Os atos contra a Copa do Mundo ocorridos no dia 25 de janeiro tiveram uma repercussão relativamente muito superior ao que de fato seria de esperar pelo tamanho dos mesmos (o maior, em São Paulo, contou em seu auge com 3 mil pessoas). Par além das declarações de preocupação da FIFA e das reuniões entre Dilma e seus principais ministros para armar estratégias preventivas frente ã possibilidade de que grandes manifestações de massa venham a colocar em crise o megaevento, esse se transformou em um dos principais temas de colunistas e analistas políticos da grande imprensa. A própria iniciativa do governo de impulsionar um movimento #vaitercopa para se contrapor ao movimento #nãovaitercopa demonstra a preocupação das elites dominantes, com o PT mais uma vez acionando seus “formadores de opinião” para desqualificar os protestos buscando coloca-los como parte do jogo eleitoral da oposição burguesa para desgastar a candidatura de Dilma frente ás eleições que ocorrerão no segundo semestre. No mesmo sentido, a Rede Globo, preocupada com sua audiência, hipocritamente orienta seus jornalistas a fazerem uma cobertura “equilibrada” da Copa, que não só faça apologia ao evento, mas também expresse as críticas e descontentamentos ligados a ele, demonstrando também o potencial que os movimentos contra a Copa têm de ganhar o apoio de setores mais amplos da população.

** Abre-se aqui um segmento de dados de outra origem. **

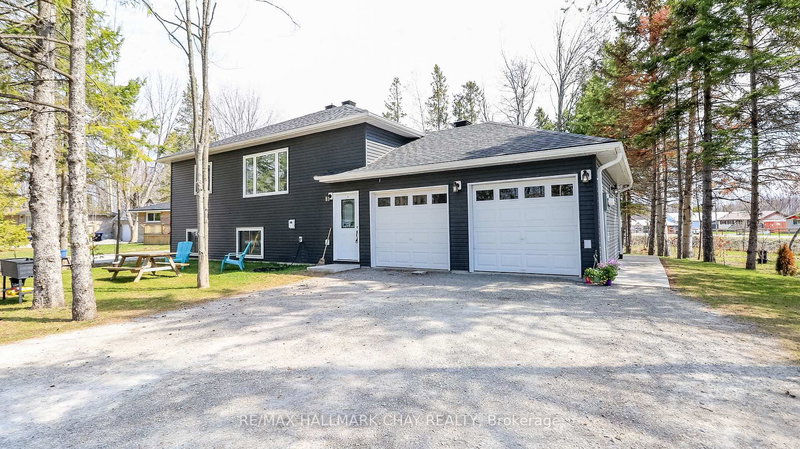 2082 Centre Ave, Severn, L3V 6H3 | Image 3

É por isso que o governo federal tem preparado um forte plano de propaganda dos benefícios da Copa e não podemos descartar a possibilidade de que inclusive venha a dar algumas concessões para minimizar esse perigo. Entretanto, não só a desagregação das condições econômicas do país limita essas possíveis concessões como esse plano se articulará com um forte aparato repressivo, haja vista a mobilização preparatória de grandes contingentes da Força de Segurança Nacional.
Como pode a Copa ser ameaçada justo no “país do futebol”?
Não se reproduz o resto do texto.